His divine power has granted to us all things that pertain to life and godliness, through the knowledge of him who called us to his own glory and excellence, 4 by which he has granted to us his precious and very great promises, so that through them you may become partakers of the divine nature, having escaped from the corruption that is in the world because of sinful desire. 5 For this very reason, make every effort to supplement your faith with virtue, and virtue with knowledge, 6 and knowledge with self-control, and self-control with steadfastness, and steadfastness with godliness, 7 and godliness with brotherly affection, and brotherly affection with love. 8 For if these qualities are yours and are increasing, they keep you from being ineffective or unfruitful in the knowledge of our Lord Jesus Christ. 9 For whoever lacks these qualities is so nearsighted that he is blind, having forgotten that he was cleansed from his former sins. 10 Therefore, brothers, be all the more diligent to confirm your calling and election, for if you practice these qualities you will never fall. 11 For in this way there will be richly provided for you an entrance into the eternal kingdom of our Lord and Savior Jesus Christ.

2 Peter 1:3-11

I want to say a quick word to those for whom June 26th was not a hard day, but a day of celebration.  First off, I want to say that I understand.  Almost 20 years ago, I was in a relationship with another guy. It was the first time I felt loved. He was my first sexual experience. For a short time, I found myself imagining a life with him.  I could not imagine a heterosexual life at the time.  I felt, and believed, that my homosexuality was permanent.   If I stop and imagine that my sexuality had remained unchanged, and if I was in that same relationship, or in another relationship, or if I had believed I could remain a faithful Christian and a practicing homosexual, then I am certain I would have been celebrating too. I know how real my feelings were back then.  I know how lonely I felt, and how ominous a life of celibacy felt.  I want you to know that I do not hate you, or judge you for celebrating.  I truly understand why this was, and is a significant victory for you.

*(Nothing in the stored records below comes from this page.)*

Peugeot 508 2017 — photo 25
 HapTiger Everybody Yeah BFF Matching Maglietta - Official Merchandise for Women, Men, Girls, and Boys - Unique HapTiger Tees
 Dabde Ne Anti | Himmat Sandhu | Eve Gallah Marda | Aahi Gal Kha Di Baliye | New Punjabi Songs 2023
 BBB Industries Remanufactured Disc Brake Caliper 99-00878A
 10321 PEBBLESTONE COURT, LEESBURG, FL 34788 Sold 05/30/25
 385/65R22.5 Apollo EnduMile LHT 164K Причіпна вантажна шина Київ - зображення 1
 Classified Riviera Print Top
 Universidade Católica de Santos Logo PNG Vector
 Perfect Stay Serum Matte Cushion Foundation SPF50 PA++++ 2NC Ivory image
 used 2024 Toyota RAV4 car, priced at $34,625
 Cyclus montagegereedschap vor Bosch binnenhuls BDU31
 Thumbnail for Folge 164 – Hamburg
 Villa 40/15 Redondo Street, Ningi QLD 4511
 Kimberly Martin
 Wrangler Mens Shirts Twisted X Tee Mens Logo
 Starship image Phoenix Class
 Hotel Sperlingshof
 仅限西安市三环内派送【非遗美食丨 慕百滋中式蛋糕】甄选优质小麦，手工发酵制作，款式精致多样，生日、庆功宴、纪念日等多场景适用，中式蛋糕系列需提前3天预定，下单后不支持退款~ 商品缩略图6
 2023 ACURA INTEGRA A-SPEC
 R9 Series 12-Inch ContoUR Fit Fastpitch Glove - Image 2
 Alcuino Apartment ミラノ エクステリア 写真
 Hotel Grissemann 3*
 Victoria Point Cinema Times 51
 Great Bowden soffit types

Many of you who claim the name of Christ already believe that He loves you… He does love you. But you may not believe that those who grieve the court’s decision love you.  Obviously I can’t speak for everyone, but I know I, and many, many others love you.  And it is because we love you that we must simply say, in love, that you are pursuing the wrong path…whether that is in embracing your own homosexuality, or in affirming the homosexuality or sexual brokenness of those around you.  God is loving and God is a holy, righteous judge. I personally know that my words cannot convince you that you are on the wrong path.  I know that only the Holy Spirit can do that.  Please know that because of what we believe to be true about how our Lord calls us to live, we are deeply concerned for your spiritual lives.  If we believe what we believe, and do not speak up, or pray for your repentance, that would not be showing love on our part… Please do not take our prayers that He will convict you as anything but a tangible expression of our love for you. 

My prayer is not that the Supreme Court will change its mind.  It is not that my religious freedoms are ultimately protected.  My fervent prayer is that the Bride of Christ will regain its saltiness.  I pray that we will repent. I pray that we will regain our zeal for holiness. I pray that we will believe in God’s redemptive, transformative power. I pray we will learn to love Jesus more. I pray we will learn to love one another more.  I pray we will learn to love those who are far from Jesus more.  I pray that the Holy Spirit will convict all who claim the name of Christ of our sins, and awaken to His truth those who are deceived.   

I pray that we, the Bride of Christ, will truly represent our Bridegroom well as we move forward from here.